Right. Now I know you Greeks are having a rough time of it a the mo, but get this, them Olympic Games you put on 1000 years BC, they're nowt when compared with the might of the Wenlock Olympian Games.

Mandeville makes a bit more sense - the location of the first Paralympic games - and they couldn't call a character Stoke or it would be assumed that all it could do was throw a football blinking miles.

But the main reason I'm a bit lost with them, apart from the fact that mascots are simply an irrelevance, is that they look like weird eyeballed thumbs with fused-on limbs.
They've got that cutesy thing going on, like in Gremlins. Any moment now the little aliens are going to jump on to your earlobe and suck your brain dry.

Presumably there'll be loads of plasticky or metally models made of these grim puppets, and presumably they'll end up in one refuse dump or another.

I always imagined a big wheelie bin outside the studios where they recorded Bullseye, overflowing with discarded Bullies. It'll be like that.

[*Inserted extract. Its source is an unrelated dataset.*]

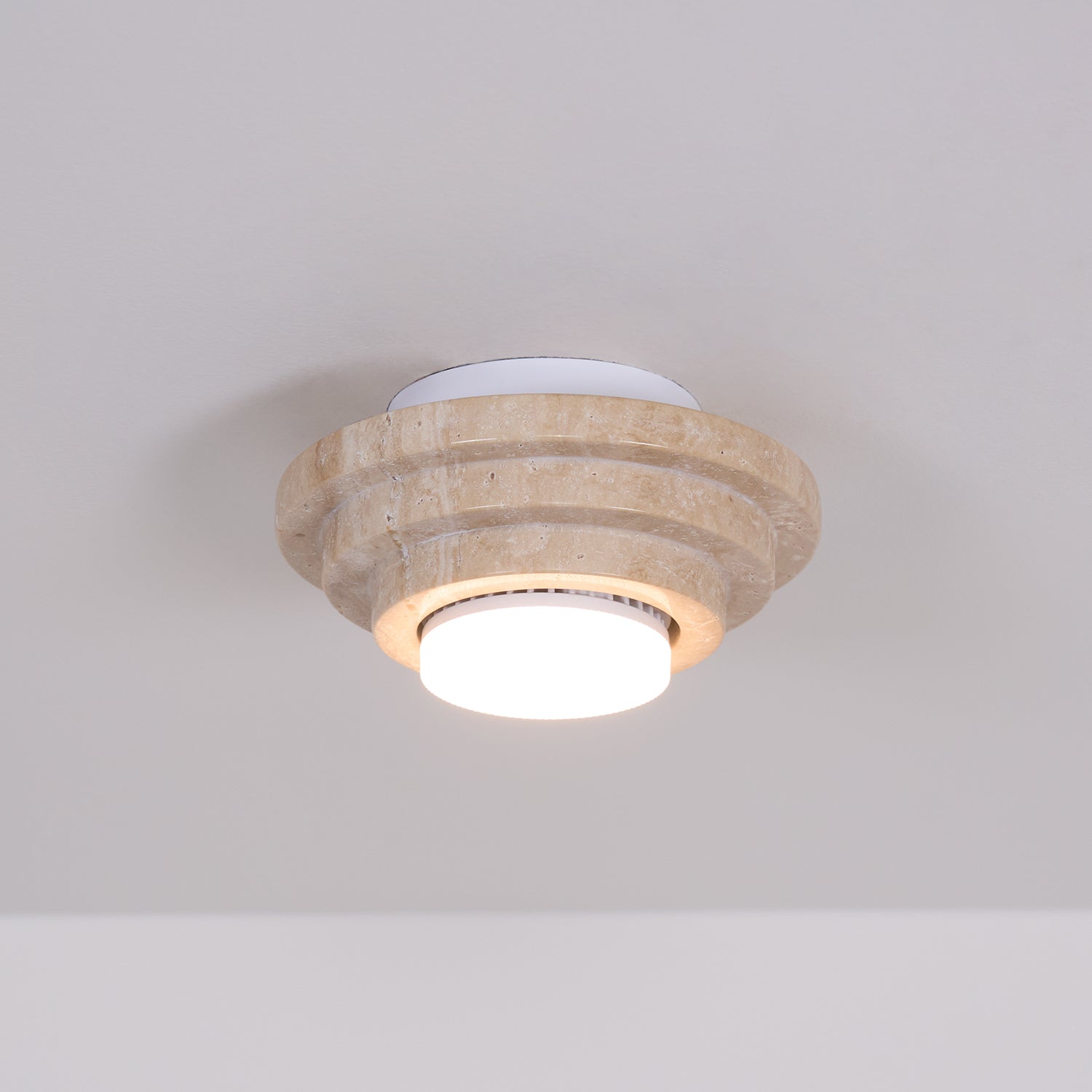 Zadoraris Tiered-Disc Travertine Ceiling Light-Neutral Decor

And how much did it cost to conjure up Manlock and Wendeville anyway?
They got Michael Morpurgo, a children's laureate no less, author of Warhorse - to which even grown men need to take a bucket to contain their tears - to mock up the story for the cartoon thingammy.

It wasn't Wall-E but it was OK. Until the damn things come to life and then got spray-painted by a blinking rainbow. I mean if you're going to go for the Rainbow theme then why not just bring in George and Zippy? They'd be cracking mascots and they could do with the work.

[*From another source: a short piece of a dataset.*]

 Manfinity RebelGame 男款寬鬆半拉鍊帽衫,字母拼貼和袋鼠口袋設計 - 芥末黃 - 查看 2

I suppose they're trying to attract the kids. Wenville and Mandylock are definitely in the same ball park as my grandson's current favourites, those primary-coloured psychos In the Night Garden, or the latest savage assault on me delicate senses, Waybuloo.

I dunno, couldn't the money have been better spent on, ooh, the buildings. Or the ceremony? It's not like we're going to have the most glorious opening ceremony is it? It'll be not much more than two (hopefully) bankers in alien costumes holding up a bit of ribbon while Her Maj gets out the scissors and Katherine chuffing Jenkins warbles some awful lament.
WaybulooWaybuloo - in case you were wondering
I just pray there isn't going to be some Olympic anthem - I bet there is, though. Some plodding pop-rockers'll knock out some heinous drone. Keane, probably. Or Coldplay. You can hear Chris Martin now, can't you, whining out one of his slightly-too-high- for-his-voice dirges: "I will be... Faster.... Higher.... Stronger..."

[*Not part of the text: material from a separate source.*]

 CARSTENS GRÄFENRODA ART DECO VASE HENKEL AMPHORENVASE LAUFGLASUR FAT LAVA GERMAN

I'll stop there, 'cos that's just felt too real not to be true.

I was looking forward to the Olympics, me, but all this stuff's twaddle, isn't it? The reason we watch the Olympics is 'cos of people like Mr Bolt, surely the greatest sportsman on the planet right now?

He had another jog to victory on Wednesday. The man makes fibre-optic connectivity look pedestrian.

We don't watch the Olympics to enjoy the twee adventures of Manderwen and Lockville, or any other transient piece of animated tut. I don't even think children watch it for that, do they? Nah, it's the jumping, running, cycling, winning... that's it.

And there's summat else about Villwen and Lockerman I really don't like. I have this horrible feeling that next time the Prime Minister and his Deputy step out together on the lawn at 10 Downing Street, their voices are suddenly going to change, each of them is going to unzip himself and out'll pop these two rubbish aliens.

After that they'll be joined by all the other public school-educated politicians, and Chris Martin, unzipped and scary, all of them leaping onto our ears and sucking our brains dry.

Yeuchhh... sorry about that. Too much Doctor Who I reckon.

Actually, no. Too much flipping Waybuloo.